Diante do grau de desconfiança dos empresários e dos consumidores em decorrência da falta de uma legislação eficaz que trate da assinatura digital, mister se faz o surgimento de uma lei que forneça um arcabouço mínimo de regras que regulem as transações sob o ponto de vista da prova e da forma de pagamento para que a aplicação do Código de Defesa do Consumidor não fique refém de determinadas lacunas jurídicas, tal como a Medida Provisória 2.200-2 de 24.08.01 que criou a infra-estrutura de chaves públicas no Brasil, norma centralizadora, burocrática e que, a meu ver, não possibilitará o avanço da assinatura digital no Brasil.

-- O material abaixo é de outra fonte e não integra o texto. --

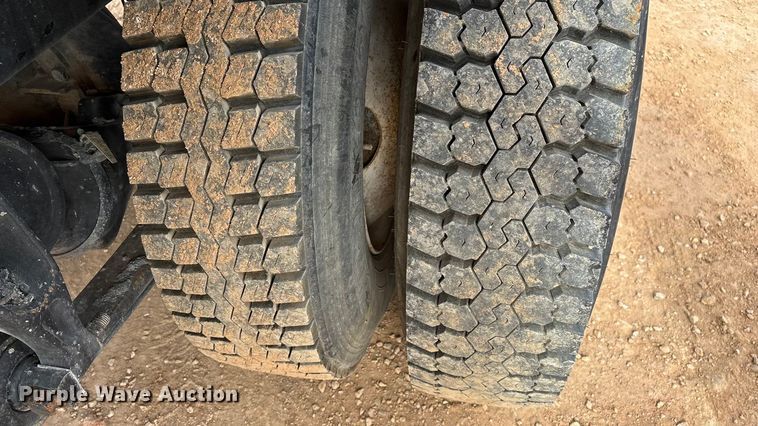 image for item ED2389 2003 International 4300 flatbed truck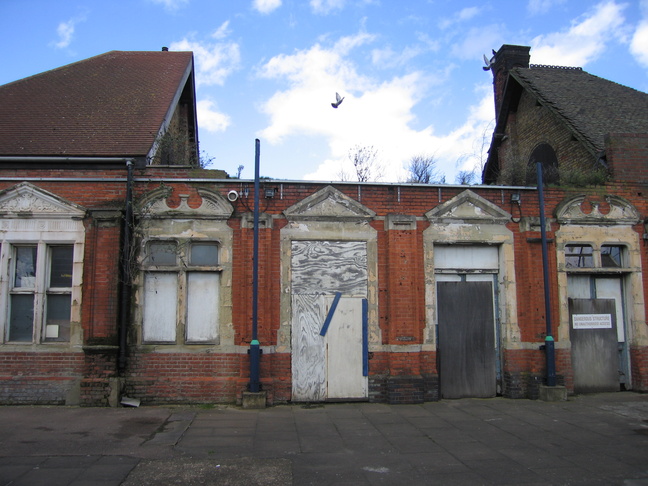 Stratford platform 11 roofing
gap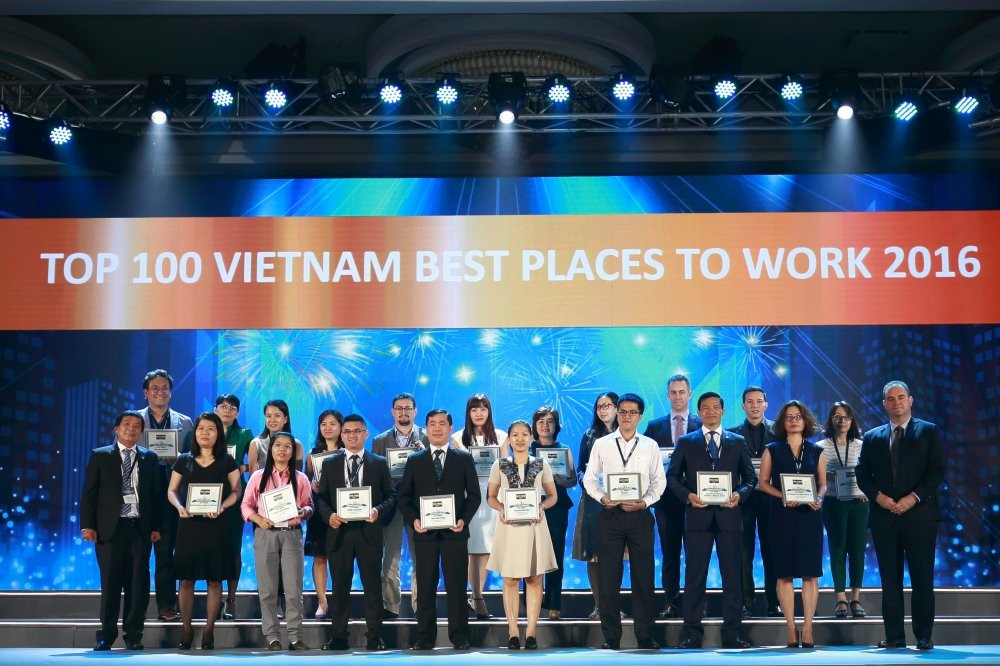 Dai dien Acecook Viet Nam nhan chung nhan noi lam viec tot nhat 2016 tai le cong bo (1)
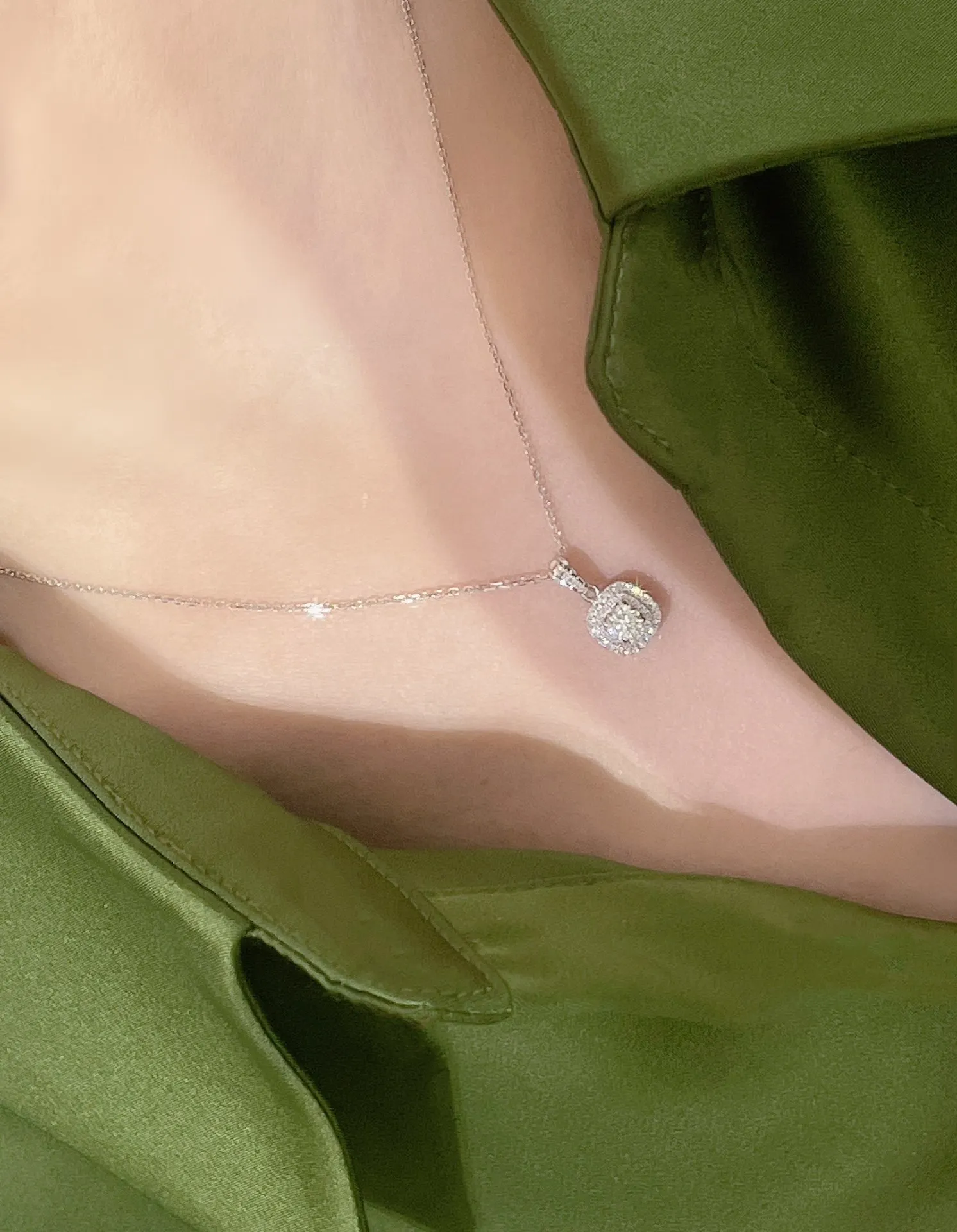 Double Ensemble 8K Gold 32 Points Natural Diamond Small Square Necklace Light Luxury Choker Classic Sweater Chain Pe...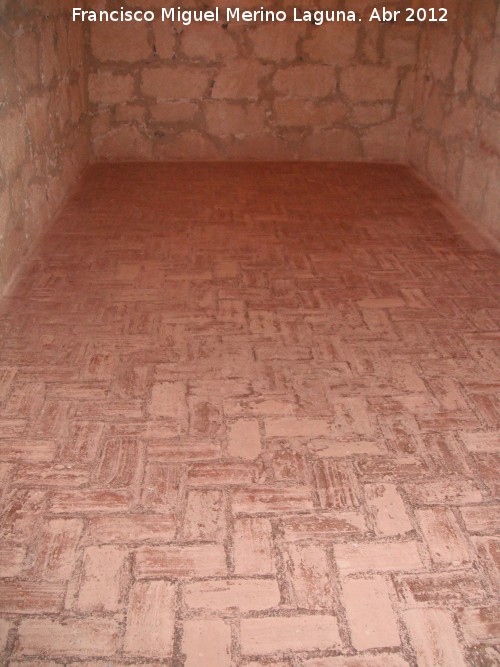 Alcazaba. Torre del Homenaje - Alcazaba. Torre del Homenaje. Suelo de la Sala de la Guardia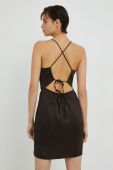Сукня Samsoe Samsoe колір коричневий mini облягаюча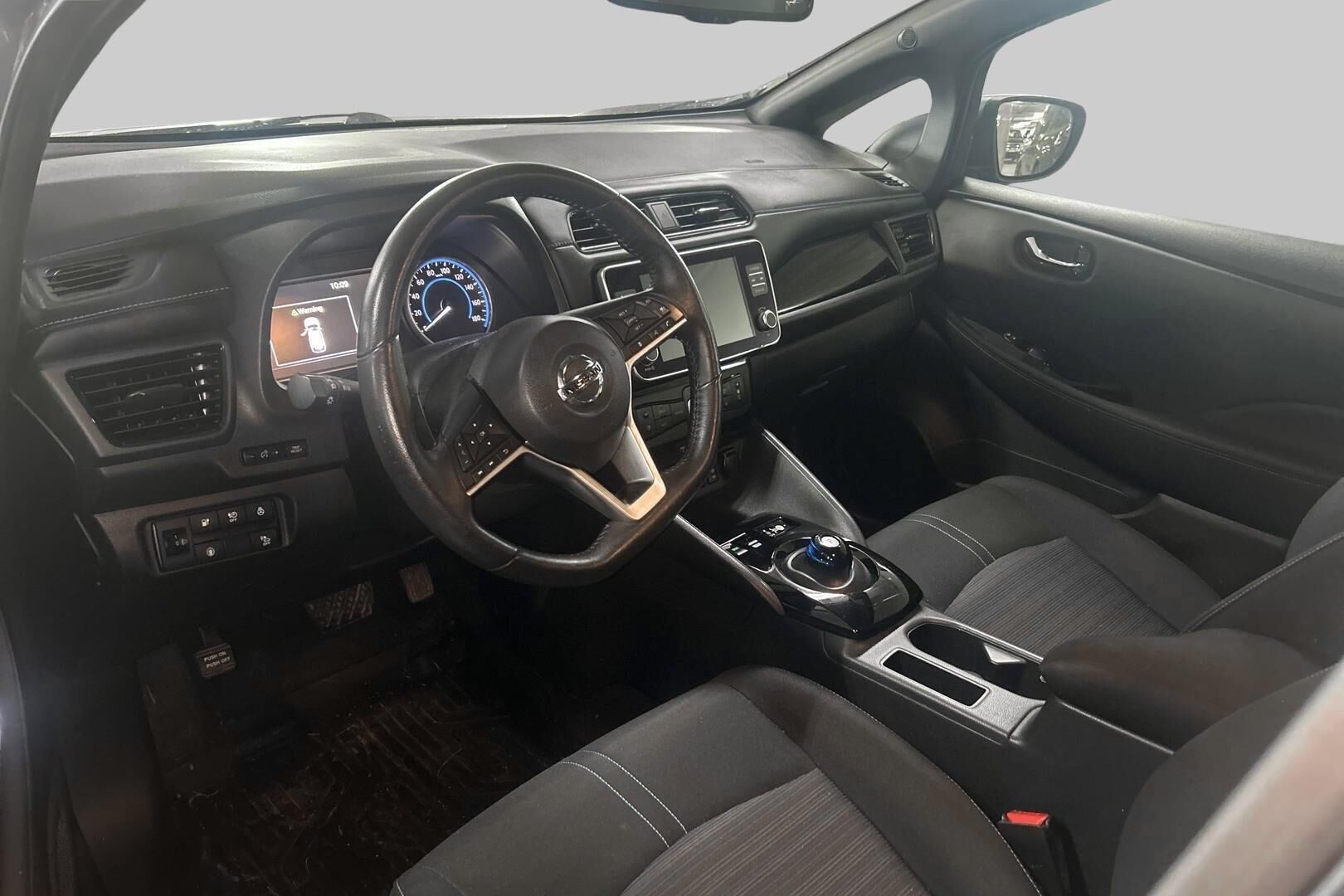 Nissan Leaf iso kuva 2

Portanto, enquanto não existir uma legislação específica e de fato eficaz, tratando da assinatura digital por exemplo, o comércio eletrônico não se desenvolverá com a velocidade e a segurança que tanto fornecedores e consumidores almejam.

 

7 BIBLIOGRAFIA

ASPECTOS jurídicos do comércio eletrônico. Relatório Jurídico – Levy & Salomão, São Paulo, jan./fev. 2000.

FRANCO, Vera Helena de Mello. O executivo e o novo código de defesa do consumidor. São Paulo: Maltese, 1991.

INTERNET aspectos legais – O Comércio eletrônico no Brasil. Pinheiro Neto – Advogados. São Paulo, 26.11.1999.

JUNQUEIRA, Miriam. Contratos Eletrônicos. Rio de Janeiro: Maud, 1997.

LUCCA, Newton de. O Código de defesa do consumidor. Aspectos práticos – perguntas e respostas. São Paulo: Revista dos Tribunais, 1995.

Revista de Direito do Consumidor. São Paulo: Revista dos Tribunais, números 17;18 e 19.